YOUR OBJECTIVE.
Copying rule for the data below: pictures stay out, and only the lines from the one with "Red Strappy Schifley Maxi Dress" down to the one with "Boden Women's Forest Green Wool Blend Coat", inclusive, are repeated exactly.

DATA FOR REVIEW.
===============

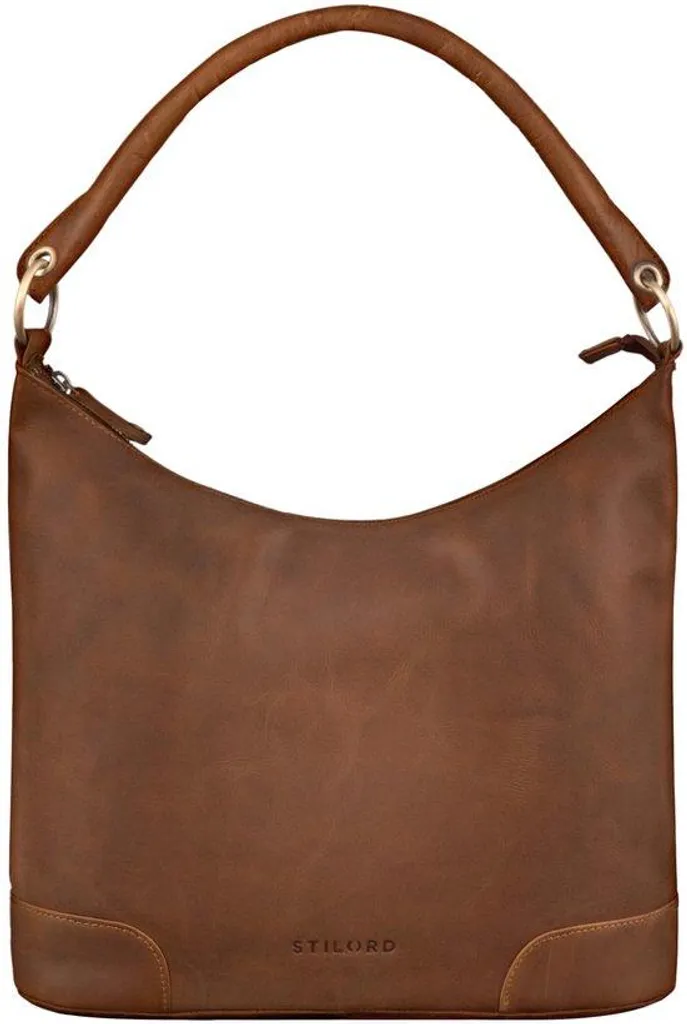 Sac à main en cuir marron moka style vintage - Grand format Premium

===============

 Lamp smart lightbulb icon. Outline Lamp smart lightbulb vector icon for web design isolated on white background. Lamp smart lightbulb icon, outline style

===============

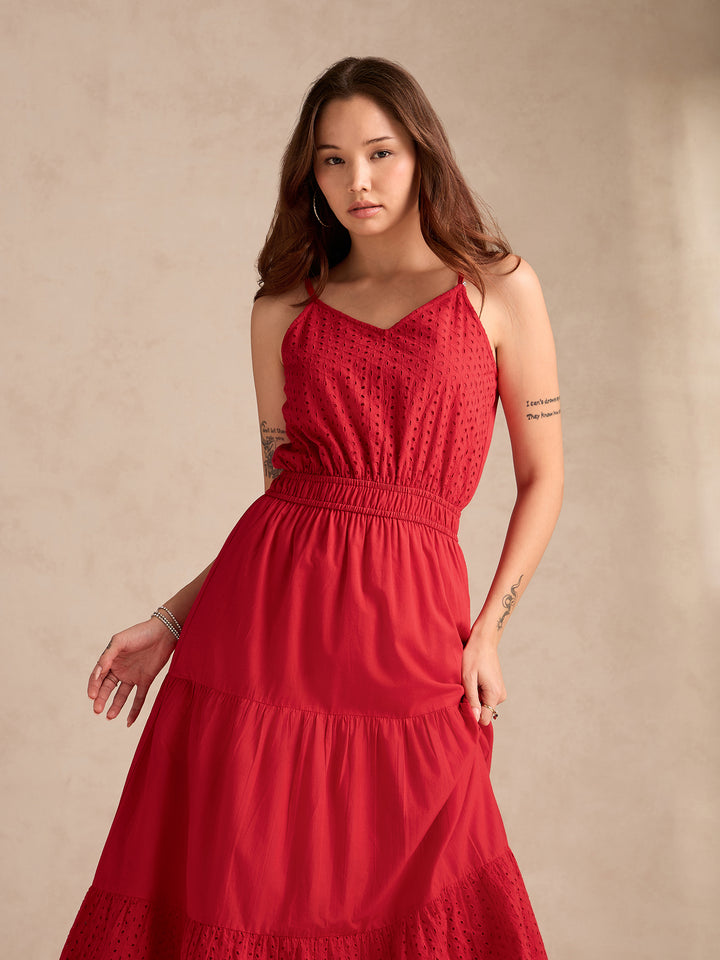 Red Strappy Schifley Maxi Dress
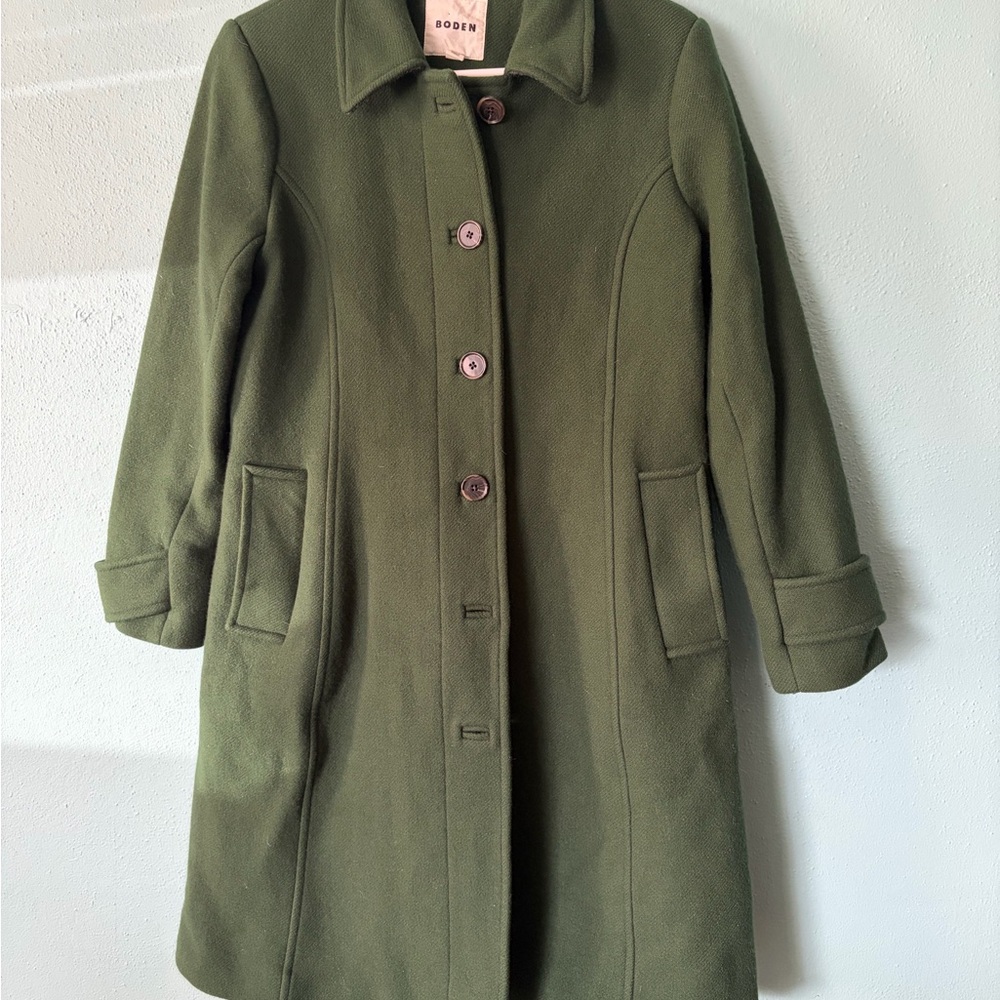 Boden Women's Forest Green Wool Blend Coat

===============

ANSWER TO THIS PROBLEM.
 Red Strappy Schifley Maxi Dress
 Boden Women's Forest Green Wool Blend Coat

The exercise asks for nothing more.